Bits of Fun — City Gallery Wellington Exhibit: “On Reflection” — Experiential Hierarchy — Carved Up Like a Thanksgiving Turkey

Brennan Jernigan
In Place
Published in
6 min readOct 26, 2018

Funny or fascinating details from last few days:
-public art that stands after the earthquake (entered “red zone” and saw them still standing)
-old man who hosts travelers just to have someone to condescend to (because Alexa apparently doesn’t listen so well to his request to play that Australian folk artist)
-tree hedges as wind buffers along farms

[entry in notebook dated October 25, 2018, Christchurch]

A card from Perfect Photo, with two magnifications of a graduation shot: a young man, capped and gowned. (It’s blurry as hell, which makes one question the choice of adjective for this particular photography operation.) The boy’s gown blows in the wind almost imperceptibly to the left.

Down the line, a snapshot of a windsock, tail extended to the left. An image of a woman holding a bouquet with ribbons blowing out, again to the left. A photo of a car with engine on fire, smoke billowing out—you guessed it, to the left.
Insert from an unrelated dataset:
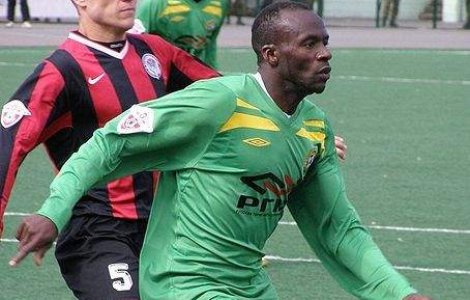 Amenintat cu moartea pentru un cartonas rosu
Just a few images of a larger collection pinned up to a gallery wall, gathered and arranged by artist Patrick Pound. He’s primarily a photographer says the wall text — it’s just that he’s not the one taking the photos. He’s pulled them together, from eBay and other online sources. The result is an eclectic mix of commercial imagery — magazine cutouts, ads — and personal snapshots arranged primarily in horizontal lines centered on a theme or concept, with smaller vertical tributaries breaking off up and down, suggesting a cross-pollination of other themes that I can only sometimes identify.

I wander among these collections and get lost — which must be the idea I think. My eyes dart back and forth in search of the pattern. What is it? they ask. And in the darting and the sorting and the solving of the mystery, the images lose their specificity, become an idea, a concept, a keyword in a search engine. Wind moving to the left. The shadow of the photographer. People on the phone. People in cars. Images with letters — A through Z — or with numbers — 1 through 26.
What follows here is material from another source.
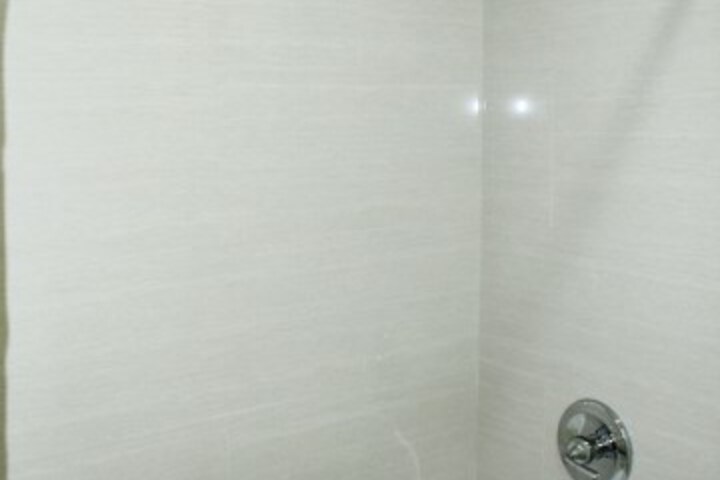 Room 19 of 27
And then there’s the sudden shock back: but wait, I’m looking at real people here. These ones, they must be from the ’50s or ’60s. A birthday party. A vacation. A quotidian moment.

You wonder, are they still alive? Or are they long gone? Do they remember this moment? Is it as clear in their minds as it is in this snapshot?

And it’s this oscillation between the general and the specific, the masses and the individual, the intellectually captivating and the emotionally poignant that is both exhilarating and frightening — frightening because you know that your image (or that of your mom, your ex-boyfriend, your beloved cat Hayworth) is no different.

Well, if I follow the “What Auckland Is” trend for Wellington — it wouldn’t be much more than a hostel room.

Which, to be honest, I don’t mind. It sticks out in my mind. We often do this automatic hierarchy of experience — elsewhere is better than home, outside greater than indoors, beach better than non-beach, etc. Spending 20+ hours in a day on the top bunk of a 4-bed hostel room — while a new city moves outside — probably ranks quite low on the hierarchy. And yet… I liked yesterday. I found a bit of home in this hostel I thought I hated. I bonded, mostly non-verbally, with the room’s other occupants, Yuki especially. I read, watched movies, wrote, made plans. I was as much in Wellington as doing anything else.

[entry in notebook dated October 20, 2018, Wellington, after a day holed up in bed, sick with a cold]

The Wellington waterfront seems designed for exploring. Here a hole cut into the wharf, with a staircase that spirals up so you can jump into the waters below, kids swimming alongside the pilings that hold up this wooden surface upon which I walk. Over here a smaller inlet, separated by a pedestrian bridge from the larger bay and occupied by a small jutting peninsula flush with native flora, large rocks for sitting, and oxidized remnants of an industrial port, scattered as sculpture. Then another bridge over there, rising up, constructed from large beams of sea-weathered lumber into shapes of whales and birds of prey.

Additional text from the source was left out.